======== Given entries ========
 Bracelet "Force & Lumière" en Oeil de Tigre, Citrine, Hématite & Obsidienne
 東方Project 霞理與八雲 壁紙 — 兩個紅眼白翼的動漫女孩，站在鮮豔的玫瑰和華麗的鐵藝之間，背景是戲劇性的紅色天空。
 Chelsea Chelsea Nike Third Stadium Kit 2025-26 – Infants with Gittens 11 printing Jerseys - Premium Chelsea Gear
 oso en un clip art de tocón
========
======== Given entries ========
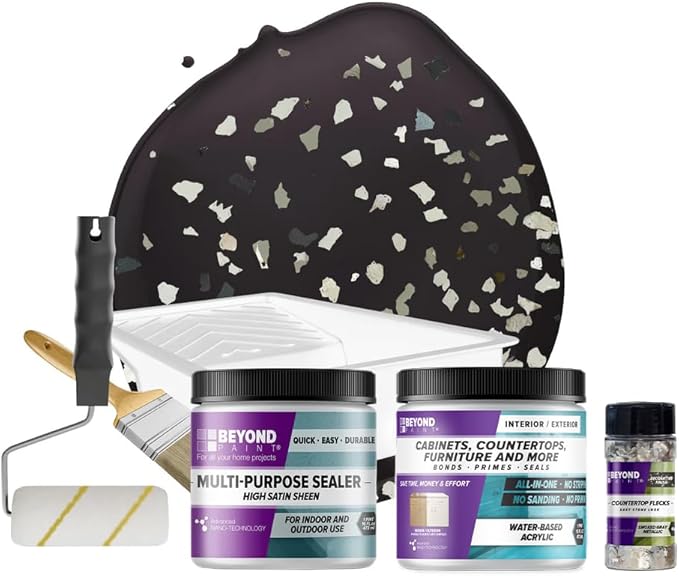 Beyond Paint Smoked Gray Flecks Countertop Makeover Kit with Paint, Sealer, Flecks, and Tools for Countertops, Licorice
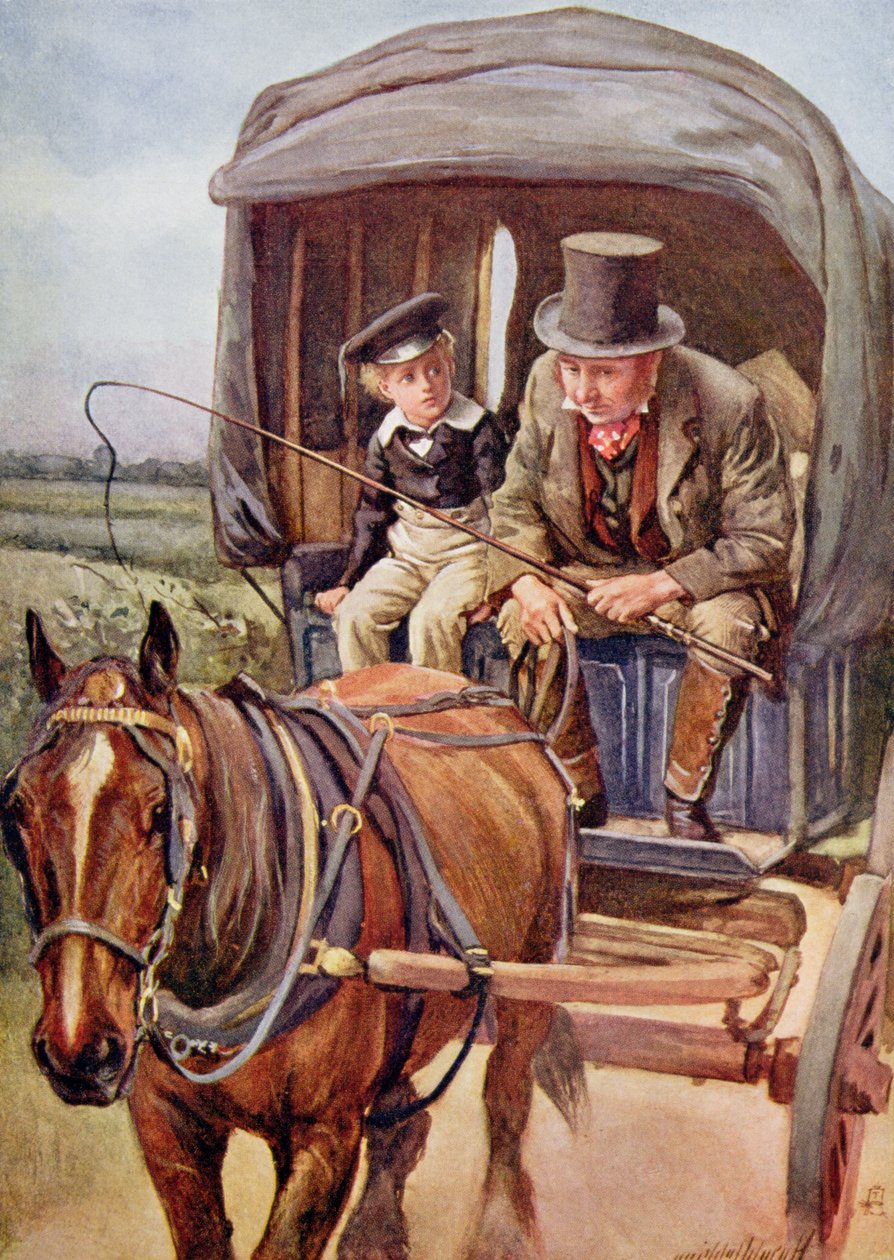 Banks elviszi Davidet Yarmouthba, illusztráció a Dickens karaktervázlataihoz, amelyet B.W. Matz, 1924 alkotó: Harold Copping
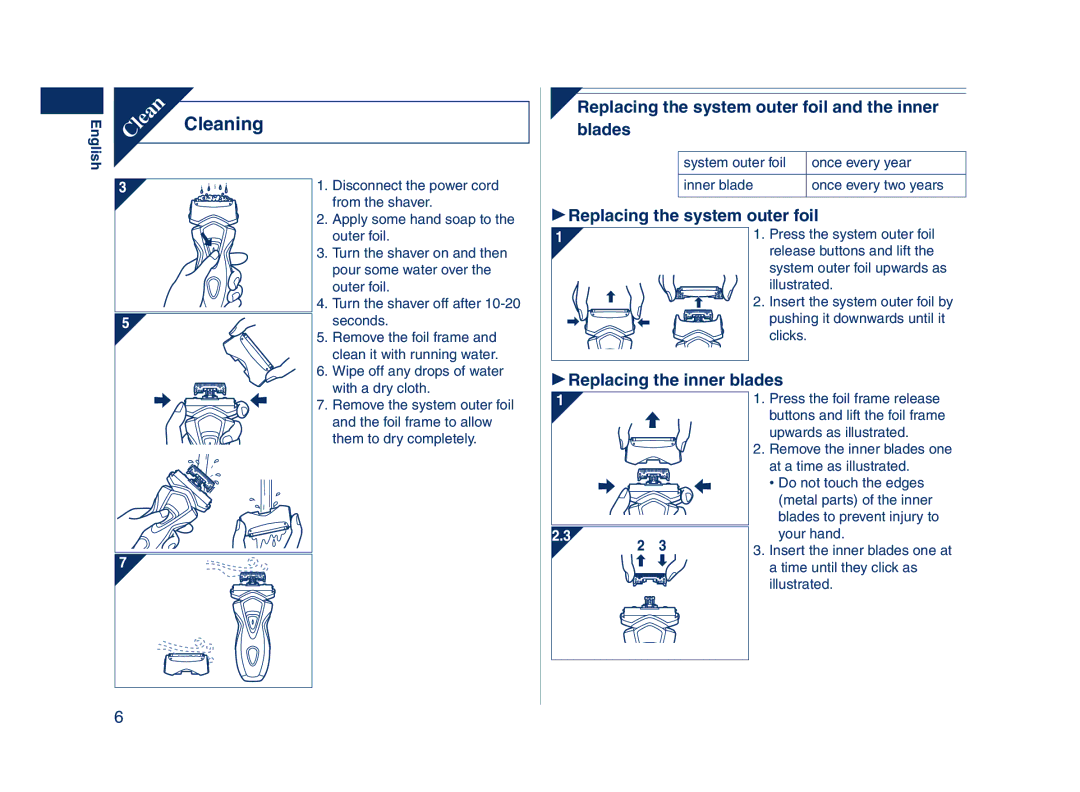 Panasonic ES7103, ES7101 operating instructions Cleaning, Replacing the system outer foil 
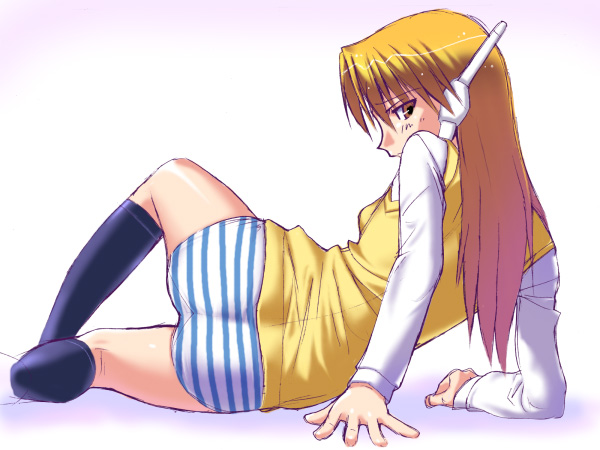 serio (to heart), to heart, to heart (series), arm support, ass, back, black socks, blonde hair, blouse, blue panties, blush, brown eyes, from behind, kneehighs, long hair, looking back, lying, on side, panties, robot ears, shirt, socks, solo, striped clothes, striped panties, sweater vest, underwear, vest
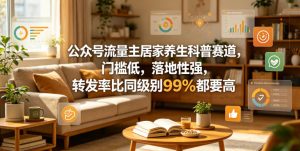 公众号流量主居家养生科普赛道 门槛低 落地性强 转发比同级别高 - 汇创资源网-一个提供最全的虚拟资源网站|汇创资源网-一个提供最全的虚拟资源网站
========
__Directions__
Word for word, restate the lines above from the one with "Beyond Paint Smoked" through the one with "公众号流量主居家养生科普赛道 门槛低 落地性强", keeping both ends and dropping the pictures.

__Solution to this task__
 Beyond Paint Smoked Gray Flecks Countertop Makeover Kit with Paint, Sealer, Flecks, and Tools for Countertops, Licorice
 Banks elviszi Davidet Yarmouthba, illusztráció a Dickens karaktervázlataihoz, amelyet B.W. Matz, 1924 alkotó: Harold Copping
 Panasonic ES7103, ES7101 operating instructions Cleaning, Replacing the system outer foil 
 serio (to heart), to heart, to heart (series), arm support, ass, back, black socks, blonde hair, blouse, blue panties, blush, brown eyes, from behind, kneehighs, long hair, looking back, lying, on side, panties, robot ears, shirt, socks, solo, striped clothes, striped panties, sweater vest, underwear, vest
 公众号流量主居家养生科普赛道 门槛低 落地性强 转发比同级别高 - 汇创资源网-一个提供最全的虚拟资源网站|汇创资源网-一个提供最全的虚拟资源网站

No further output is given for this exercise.